Tizzies-R-Us. Last week, the New York Times revealed that parents are
holding their children back until they are 6-years-old for kindergarten
in order to give them an edge over their classmates.

What about a 12-year old kindergartner? Now, they’d definitely have
an edge over their classmates. Why not hold the kids until they’re 14
or 15, and let those teachers deal with adolescent angst. And no,
kiddo, you can’t work on your MySpace page during Choice Time.

Perhaps Smartmom is a bit sensitive on the topic because OSFO is not an early riser.

“If you don’t get moving, girlie,” Smartmom told her the other day,
“you’re not going to get into the middle school of your choice.”

“I care more about my sleep than middle school,” OSFO said pulling her blanket over her head.

“Okay,” Smartmom said trying not to go ballistic. “So if you get into a terrible middle school, don’t blame me.”
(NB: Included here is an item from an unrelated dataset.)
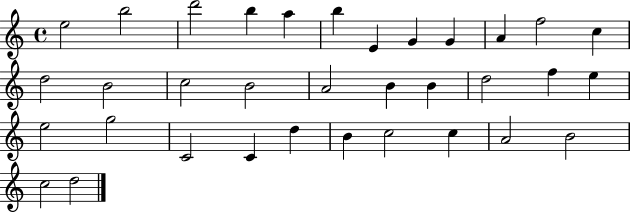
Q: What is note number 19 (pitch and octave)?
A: B4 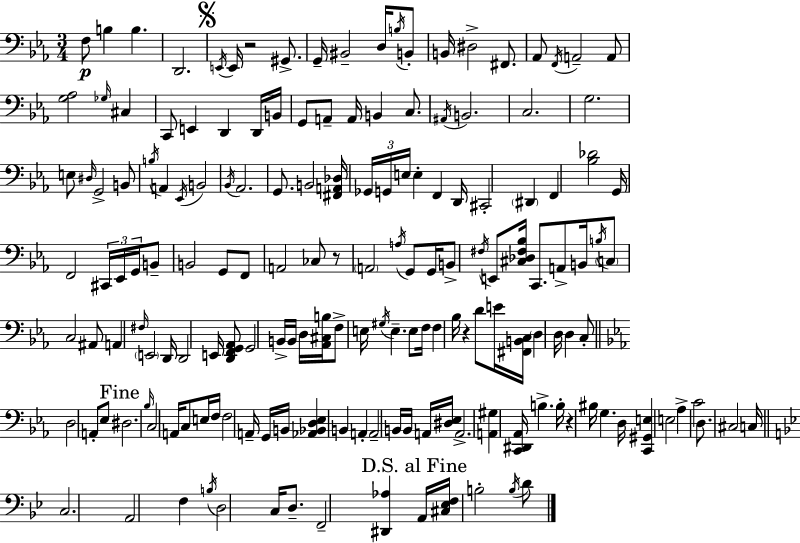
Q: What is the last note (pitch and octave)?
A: D4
Smartmom could not believe what she was saying. But she couldn’t
stop herself: “I will not defend you when they ask me why you were five
minutes late more than 10 times.”

The OSFO stormed out of her bed, got dressed, and kept her hair
styling to a quick six, seven, eight (“Would you finish, already?”),
nine minutes.

Thankfully, they got to the schoolyard just in time. The OSFO
wouldn’t even look at her when she said goodbye. “I love you,” Smartmom
whispered but she was gone.

Smartmom felt ashamed of herself and terrible for the things she had
said to her terrific little girl, who, she hoped, wasn’t now completely
traumatized and afraid about middle school like her mother.

And fear is what it’s all about: fear of failing, of not having
enough; of not adequately preparing one’s children for the free market
economy that we live in; fear that they won’t measure up.

Mostly, Smartmom is afraid that she has succumbed to the real parent
trap: trying to do the right thing for your kid without really thinking
deeply about what the right thing is.

Later that day, Smartmom apologized to OSFO. “Good, maybe I won’t
have to hear about middle school first thing in the morning.” OSFO said
still smarting from what Smartmom had said.

Smartmom promised she’d never bring up the topic again. But she knew
she was lying. It was as inevitable as the occasional stomachache, a
bout of diarrhea, or parents behaving badly.